Given how difficult it is to come to just one figure and how quickly it will change, it's good to go off historical numbers. According to Statista, on 14th November 2022, the overall cryptocurrency market capitalisation over the week was $836.77 billion. That sounds like an enormous number. However, while the trading volumes for crypto are still huge and it enjoys good liquidity, its market cap peak in 2021 was $3,048 billion - a massive decrease. 

Popular cryptos and their market caps

The realm of decentralised finance (DeFi) sees new cryptocurrencies and NFT-style products established frequently. However, there are several well-known cryptocurrencies, and it can be helpful to know their market caps to drown out the noise. 

According to Binance, as of 16th November 2022, the following cryptos have these market caps:

Cryptocurrency (ticker)Market cap (USD)
Bitcoin (BTC)$320,700 million
Ethereum (ETH)$150,406 million
Tether (USDT)$66,058 million
BNB (BNB)$43,625 million
Ripple (XRP)$19,144 million
Cardano (ADA)$11,506 million
Solana (SOL)$5,101 million
Litecoin (LTC)$4,123 million
Stellar Lumens (XLM)$2,356 million
Bitcoin cash (BCH)$1,992 million

Why is knowing the crypto market cap important? 
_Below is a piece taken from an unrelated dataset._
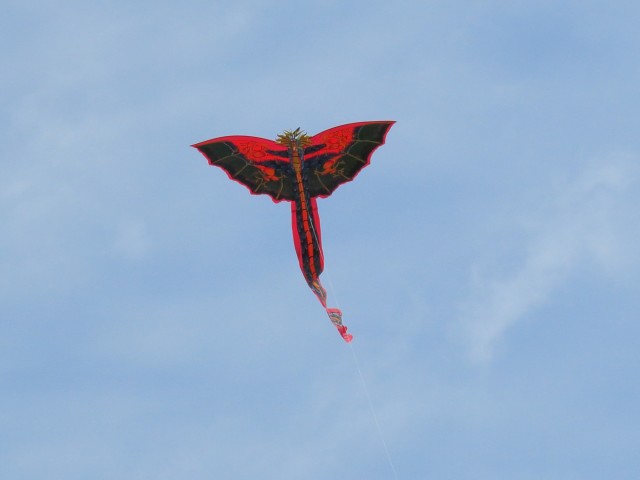 Bali-Drache002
It's hard to know a single cryptocurrency's market cap - or that of the total market - at any given moment. But getting a broad spectrum view, including altcoins or any stablecoins, is helpful as it indicates what's happening in the crypto world. Taken individually, if the market cap of a single crypto begins to fall, it can sometimes have a ripple effect on the rest of the market, which can spark a mass sell-off. 

So it's a great way of showing market sentiment and how people view crypto, which is vital given how it is still a relatively new asset and how volatile it can be. 
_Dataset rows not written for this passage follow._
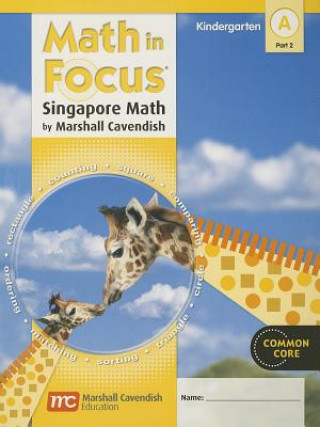 Książka MATH IN FOCUS SINGAPORE MATH Great Source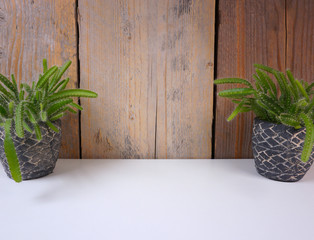 minimalistic house plant cactus in mini stone pots on white and wooden background with copy space for your own text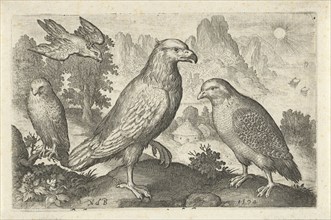 Eagle and other birds of prey, Nicolaes de Bruyn, 1594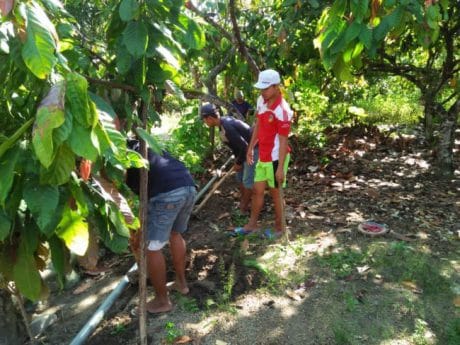Potensi Buah- buahan Sangat Menjanjikan Didesa Bakubakulu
Market caps and cryptocurrency

Looking at market caps and cryptocurrency can be an excellent way to gain knowledge of the market and its structure. For some, looking at how much the entire asset class is worth is a good indicator that could spark interest in adding a crypto asset to their portfolio. For example, if the market has a mass sell-off, it could be a very cheap time to add crypto to your range of investments. Alternatively, it could highlight to some that the asset may be too risky to ever purchase. 

Either way, knowing the market caps of individual cryptos and the whole asset class may be time-consuming, but it can be helpful. It can be a high-level way of keeping an eye on an asset class that is still evolving and can change rapidly. Its volatility is one reason so many investors are wary of it, but also why some add it to their portfolios. The flip side of quick lows is quick highs too.